With connections, it is possible to travel the full 4200 miles coast to coast from Halifax in the east to Prince Rupert in the west, but Via's smart, stainless steel "Canadian" - which proudly carries the legend Train #1 - is still one of THE great train journeys of the world. It covers the 3000 miles between Toronto and Vancouver and runs three times a week.

Main halts in between are Sudbury, Winnipeg, Saskatoon, Edmonton, Jasper and Kamloops although, remarkably, it will also make request stops for passengers - even singletons - to get on or off at one-moose towns in the back of beyond.

When Canadian Pacific's first passenger train hissed and puffed its way across the country and into history in 1886 it took nearly 6 days. Now it takes half that time to trundle across the vast wateryness of Ontario, the glaciated fur-trading lands of Manitoba, the wheatfield prairies of Saskatchewan and the cattle ranches of Alberta.

In the Rockies, the line follows much of the original path through the Yellowhead Pass with spectacular views of snowy mountain tops and icy rivers, before snaking down into British Columbia through the forested lower peaks of the Caribou, Monashee and Columbia ranges.

Although it has mostly back-tracked out of railways since the 1960s, Canadian Pacific is one of the wealthiest companies in Canada. Its name is practically an institution and its history is entwined like ivy round the progress of the nation.

At one time or another it has owned more than 36 million acres of the place (that's roughly equivalent to the size of......... ) and part of its brief in those early days was to act more like a government development agency in bringing out settlers to the now-prosperous west coast.

Over the years its tentacles have stretched by vertical integration into most things connected with travel, shipping and freight.

Today, probably its most public face is through the chain of Canadian hotels - all sumptuous and picturesque - which it owns in places like Quebec city (Chateau Frontenac), the Rockies (Chateau Lake Louise), Toronto (Royal York), Ottawa (Chateau Laurier), Victoria (Empress) and the Hotel Vancouver.

Guests have included royalty, heads of state from far and yon, and the rich and famous. John Lennon, the late Beatle, recorded Give Peace a Chance between the sheets with Yoko Ono in suite 1742 at CP's Queen Elizabeth hotel in Montreal during his week-long anti-Vietnam bed-in protest in 1969. (You can still hire it for just Can $599 a night).

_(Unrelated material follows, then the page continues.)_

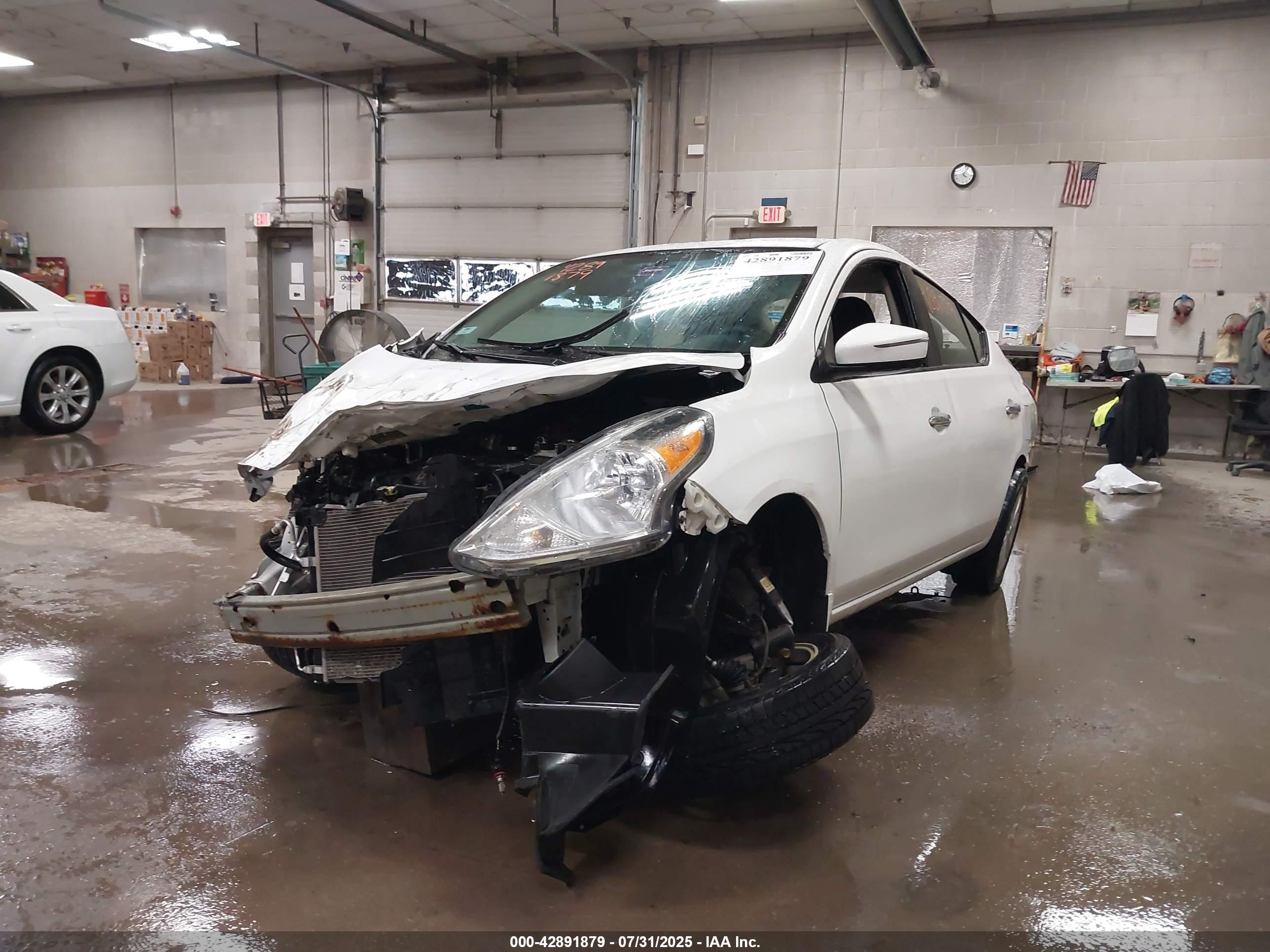 NISSAN VERSA image 6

Through its purchase of control of the Fairmont chain, its hotel collection now also stretches into Mexico, the Caribbean and throughout the USA.

CP's "Mr Hotels" was Charles Melville Hays who had previously built up the Grand Trunk Pacific Railroad and sold it to them. A former US citizen who moved to Canada, he was on his way back there in 1912 aboard the Titanic when...well, he didnt make it.

In fact CP had a difficult time with boats. Around the turn of the century they accumulated big fleets of passenger liners and coastal freighters, but disaster struck in 1914 when their Empress of Ireland collided with a collier in fog in the Gulf of St Lawrence.

The boat sank in just 14 minutes and the dead totalled 1012 passengers and crew - more even than the Titanic or the Lusitania.

Four years later, there was another horror when all 360 aboard their coaster Princess Sophia perished after it hit a reef in a snowstorm off Alaska.

Like its passenger trains, CP pretty much bailed out of passenger boats in the l960s and now makes its money from hotels, cargo ships, fuel, rail freight and running luxury train tours (a la the Orient Express) round bits of the old trans-continental track it still owns at prices in the O-O-O guage.